On Mercy

A small jumping spider hopped on my hand the other day. He looked at me with wide eyes, tilting his small head curiously. He crawled along the mountain ridges of my knuckles and across the spiral river beds of my fingertips. I watched him still, then pounce on a fly nearby–nearly his same size–and munch on it in victory. I built a wall to shield him from the wind as I carried him to the tree in the yard.

“Oh, but he might bite you!”

“He is too small to bite me.”

“Good thing he landed on you. He wouldn’t be alive if he landed on me.”

But for what? A millennia of evolution, bipedal apex predator smashes the smaller, why? Because she can? The spider eats the bugs that bite at me, and I punish it for existing? Because it’s body shape, many eyes, or many legs are so foreign to me I must destroy it because I am only comfortable with the familiar?
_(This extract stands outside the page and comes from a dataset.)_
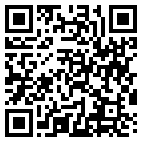 QR Code for MCR Engineering in Manteca, CA 95336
Daily, I am reminded that there is a whole world around me, below me, above me. Ecosystems and processes that I only understand vaguely but quite literally keep the world balanced. Six inches of topsoil that provide life to those walking above it, and a society of six, eight, and many legged critters that keep it healthy. A mycelium network that aids in arboreal communication and nutrition. What would my world look like without them? Would it even exist? We share a responsibility to care for the collision of our worlds and it seems as if those small creatures are better stewards than I of the gifts Earth gives us and my reciprocal response.

Bless that the Universe shows us the mercy we don’t give the bugs. Bless the bugs for forgiving my ignorance.